Data to examine:
>>>>>

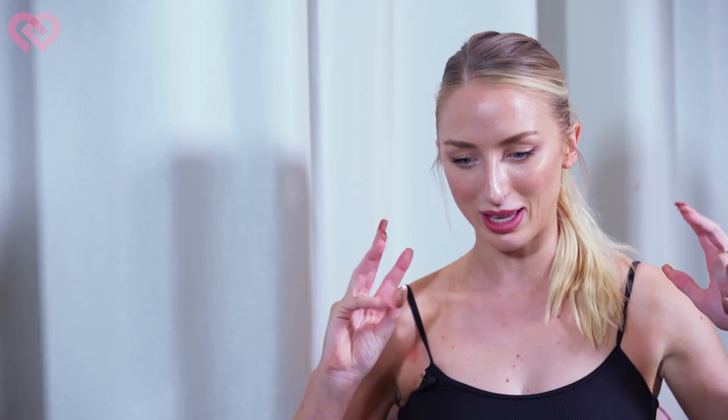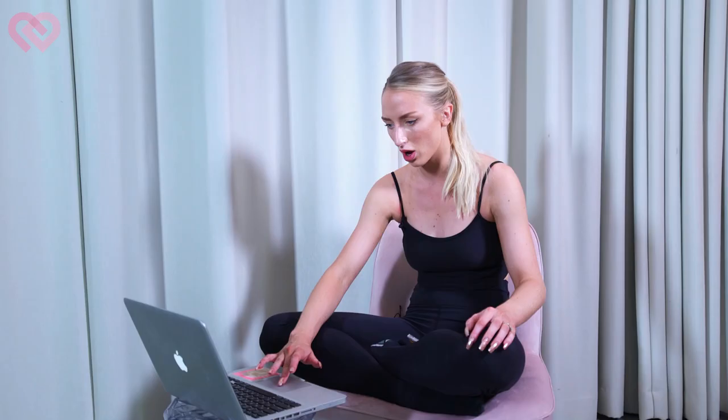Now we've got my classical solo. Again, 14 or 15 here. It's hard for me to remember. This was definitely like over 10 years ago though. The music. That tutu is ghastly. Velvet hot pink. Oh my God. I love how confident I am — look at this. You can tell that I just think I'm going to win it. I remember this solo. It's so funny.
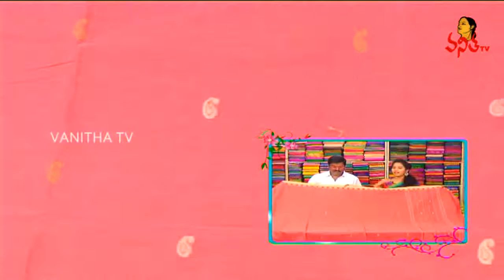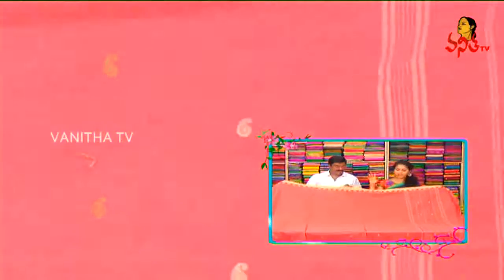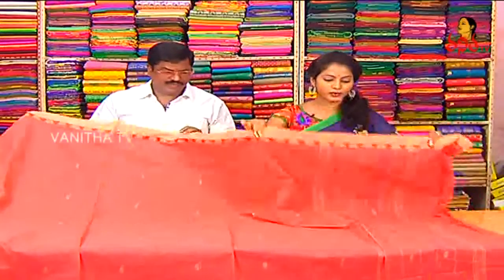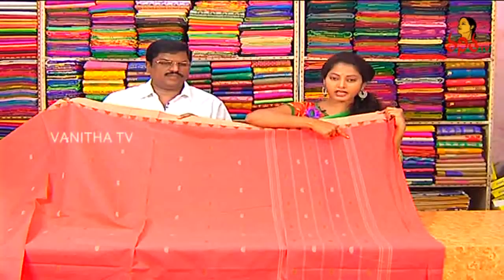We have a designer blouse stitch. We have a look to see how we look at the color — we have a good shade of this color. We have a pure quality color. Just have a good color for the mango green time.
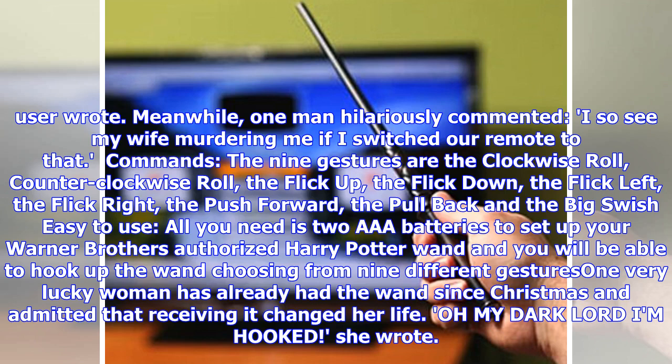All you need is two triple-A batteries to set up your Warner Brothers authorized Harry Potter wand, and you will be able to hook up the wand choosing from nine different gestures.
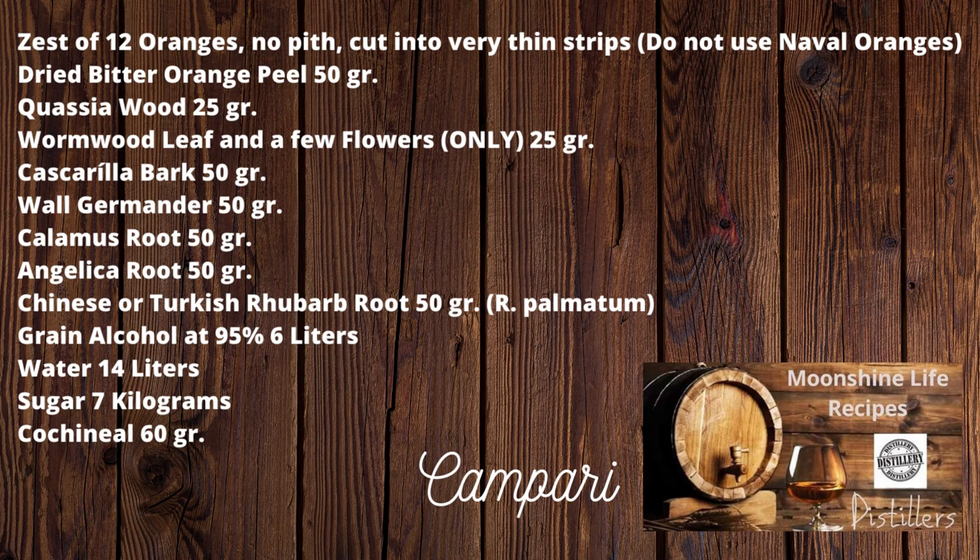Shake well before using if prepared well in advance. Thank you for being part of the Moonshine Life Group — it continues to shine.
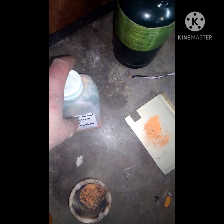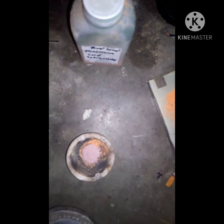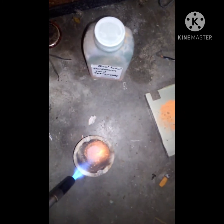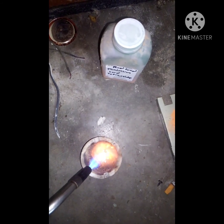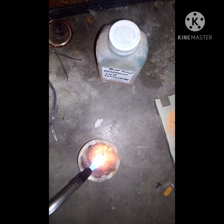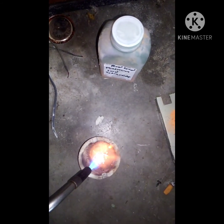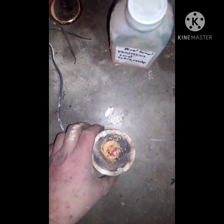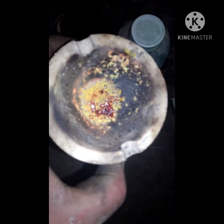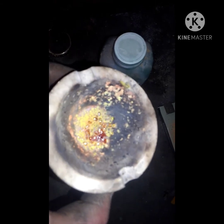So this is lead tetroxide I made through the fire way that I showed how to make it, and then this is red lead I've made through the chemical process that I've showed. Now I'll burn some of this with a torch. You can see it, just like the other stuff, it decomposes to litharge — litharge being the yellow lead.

<<<<<
>>>>>

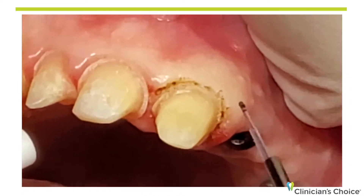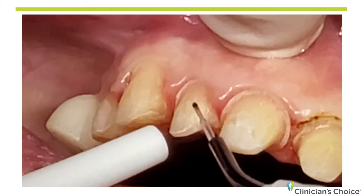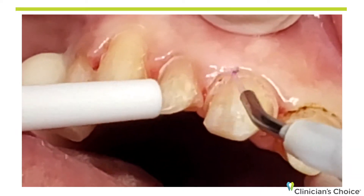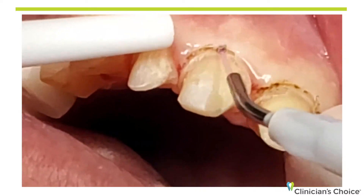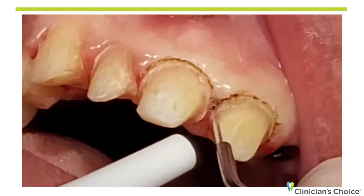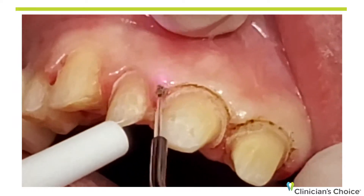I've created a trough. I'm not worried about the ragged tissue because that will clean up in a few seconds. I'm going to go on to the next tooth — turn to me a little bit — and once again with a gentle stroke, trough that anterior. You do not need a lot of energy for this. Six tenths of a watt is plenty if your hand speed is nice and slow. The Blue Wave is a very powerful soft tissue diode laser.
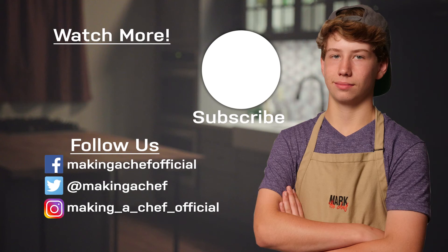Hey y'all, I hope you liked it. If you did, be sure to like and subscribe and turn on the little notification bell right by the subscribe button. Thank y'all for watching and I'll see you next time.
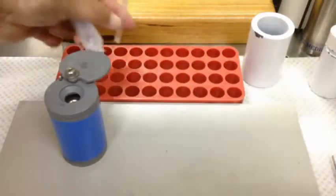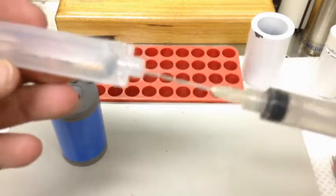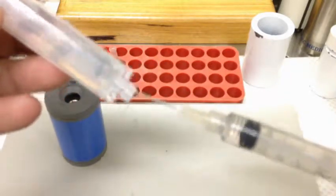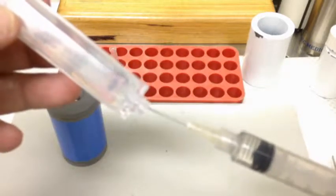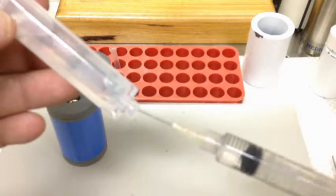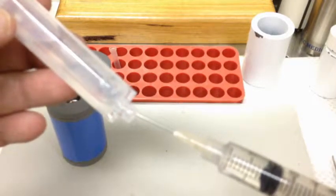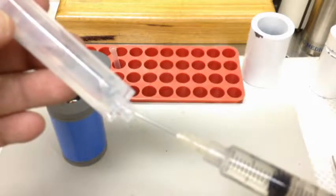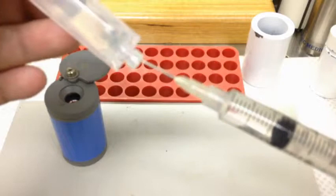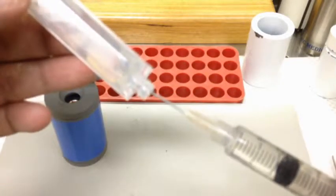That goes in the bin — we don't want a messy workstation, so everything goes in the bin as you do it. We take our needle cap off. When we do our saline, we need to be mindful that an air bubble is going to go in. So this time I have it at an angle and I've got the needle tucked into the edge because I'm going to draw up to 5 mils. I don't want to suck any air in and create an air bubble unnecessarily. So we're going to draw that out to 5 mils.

<<<<<

What the task asks:
Starting with the line that contains "Now we've got" and finishing with the line that contains "So this is lead", reproduce every line of the material above exactly, but not the pictures.

Exercise output:
Now we've got my classical solo. Again, 14 or 15 here. It's hard for me to remember. This was definitely like over 10 years ago though. The music. That tutu is ghastly. Velvet hot pink. Oh my God. I love how confident I am — look at this. You can tell that I just think I'm going to win it. I remember this solo. It's so funny.
We have a designer blouse stitch. We have a look to see how we look at the color — we have a good shade of this color. We have a pure quality color. Just have a good color for the mango green time.
All you need is two triple-A batteries to set up your Warner Brothers authorized Harry Potter wand, and you will be able to hook up the wand choosing from nine different gestures.
Shake well before using if prepared well in advance. Thank you for being part of the Moonshine Life Group — it continues to shine.
So this is lead tetroxide I made through the fire way that I showed how to make it, and then this is red lead I've made through the chemical process that I've showed. Now I'll burn some of this with a torch. You can see it, just like the other stuff, it decomposes to litharge — litharge being the yellow lead.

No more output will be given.